STATE OF TENNESSEE v. DONALD R. MOBBLEY

Appeal from the Criminal Court for Shelby County No. 00-13852 Joseph B. Dailey, Judge

No. W2002-00202-CCA-MR3-CD - Filed October 22, 2002

A Shelby County Criminal Court jury convicted the defendant, Donald R. Mobbley, of burglary, a Class D felony, and the trial court sentenced him as a Range I, standard offender to two years in the workhouse. The defendant appeals, claiming that the evidence is insufficient to support his conviction and that the trial court erred by failing to instruct the jury on theft of property as a lesser included offense. We hold that the evidence is sufficient and that theft is not a lesser included offense of burglary. We affirm the judgment of the trial court.

Tenn. R. App. P. 3 Appeal as of Right; Judgment of the Criminal Court Affirmed

JOSEPH M. TIPTON, J., delivered the opinion of the court, in which DAVID G. HAYES and JOE G. RILEY, JJ., joined.

AC Wharton, Jr., District Public Defender; Tony N. Brayton, Assistant Public Defender (on appeal); and Mary Katherine Kent, Assistant Public Defender (at trial), for the appellant, Donald R. Mobbley.

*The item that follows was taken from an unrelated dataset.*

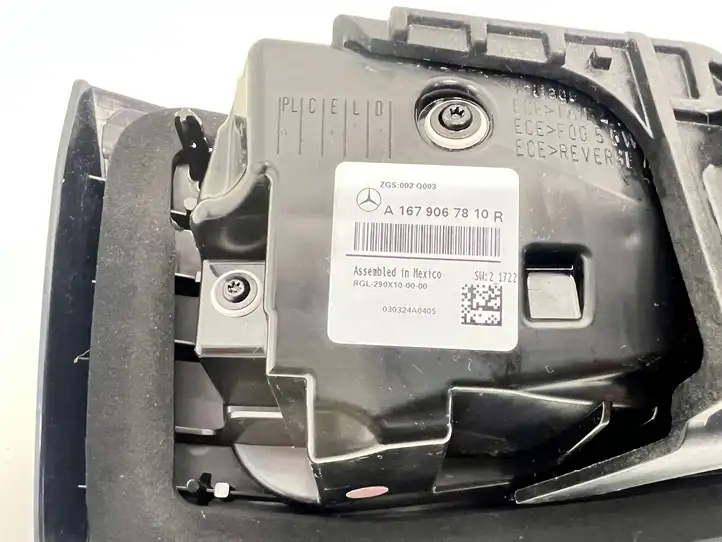 Mercedes-Benz GLS X167 (2019 - ) A1679067810 Задний фонарь в крышке багажника — фото 4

Paul G. Summers, Attorney General and Reporter; J. Ross Dyer, Assistant Attorney General; William L. Gibbons, District Attorney General; and Stephen P. Jones, Assistant District Attorney General, for the appellee, State of Tennessee.

OPINION

This case relates to a break-in at the Mars Hill Missionary Baptist Church in Memphis. Reverend Charlie Jackson testified that about 3:00 a.m. on August 16, 2000, he was at home asleep when he received a telephone call from the church’s security monitoring service. Someone from the service told him that the church’s alarm had gone off and that the police had been dispatched to the scene. About ten minutes later, someone from the security service telephoned Reverend Jackson again and told him that the police needed him at the church. When he arrived about twenty minutes later, he unlocked the door, and the officers sent a police dog into the church. When the dog came out, Reverend Jackson went inside and turned on the lights. He noticed that a window had been broken and that glass was on the floor. According to Reverend Jackson, the window was thirty- seven inches tall and eleven inches wide. Reverend Jackson looked around the church to see if anything was missing. Although there were other valuable items in the church, the only thing that had been taken was a white oscillating fan that sat on a desk in the pastor’s study.

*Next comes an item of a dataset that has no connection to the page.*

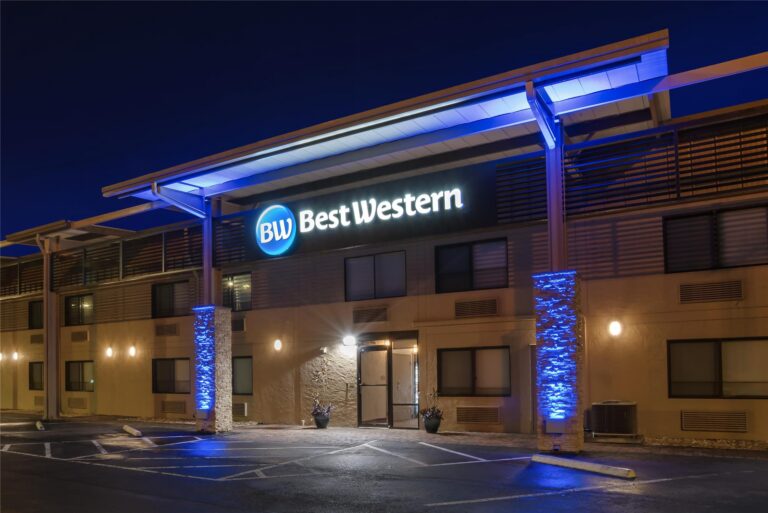 Best Western Crossroads Inn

Reverend Jackson told the officers that the fan was missing. About five minutes later, the officers went outside and got the fan out of a patrol car. A man was sitting in the back of the car. Reverend Jackson testified that he did not know the defendant and that the defendant did not have permission to be in the church.

Officer Michael S. Huff of the Memphis Police Department testified that about 3:15 a.m. on October 16, he was dispatched to the Mars Hill Missionary Baptist Church. When he received the dispatch, he was about one and one-half miles from the church. As Officer Huff drove west on Shelby Drive, he passed a thin African-American male walking east and carrying a white fan. Although Officer Huff thought it was unusual for someone to be walking on the street at that time of day, he did not stop the man because he wanted to get to the church. When he arrived at the crime scene, he saw that a window had been broken out. Officer Huff secured the church and called Officer Mervin Jones on the police radio. He told Officer Jones that an African-American male was carrying a white fan and walking east on Shelby Drive and that Officer Jones needed to find and detain the man. Officer Jones arrested the defendant and brought him to the church.

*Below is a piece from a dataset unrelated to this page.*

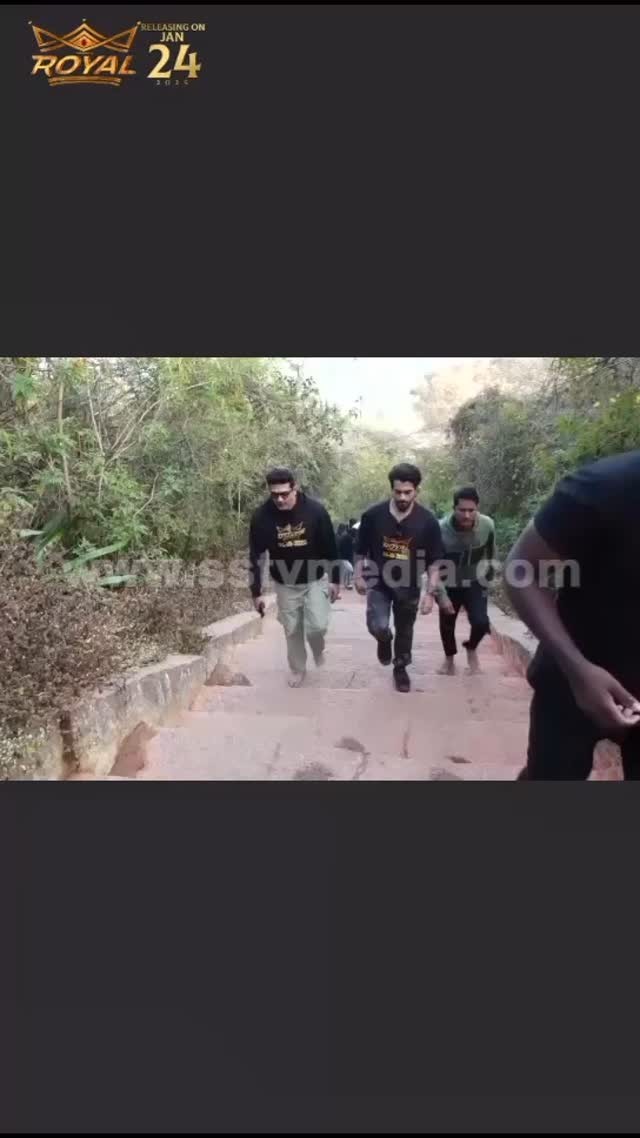 The royal team climbed Chamundi Hill for darshana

Officer Huff testified that when Reverend Jackson arrived at the church, they went inside. Reverend Jackson looked around for a few minutes and told the officers that a white fan was missing. The officers went to the patrol car and got the fan that the defendant had been carrying. Reverend Jackson identified the fan as the one that had been taken from the church office. In Officer Huff’s opinion, the defendant could have fit through the broken church window.

On cross-examination, Officer Huff testified that he was driving about sixty miles per hour when he passed the man on Shelby Drive. The church was on the north side of Shelby Drive, and the man was walking on the north side of the street. Officer Huff saw the man near a streetlight. Officer Huff did not see any distinguishing marks, such as a name, on the fan.

Officer Mervin Jones of the Memphis Police Department testified that about 3:00 a.m. on October 16, he was dispatched to the Mars Hill Missionary Baptist Church. As he was driving west toward the church, he passed the defendant, who was walking east and carrying a white fan. As Officer Jones approached the church, Officer Huff radioed and told him that a man was walking down the street carrying a fan. Officer Jones went back to find the defendant. However, the defendant was no longer walking on Shelby Drive. Officer Jones turned onto Ford Street and saw the defendant. He stopped the defendant, put the defendant into the back of his patrol car, and drove to the church.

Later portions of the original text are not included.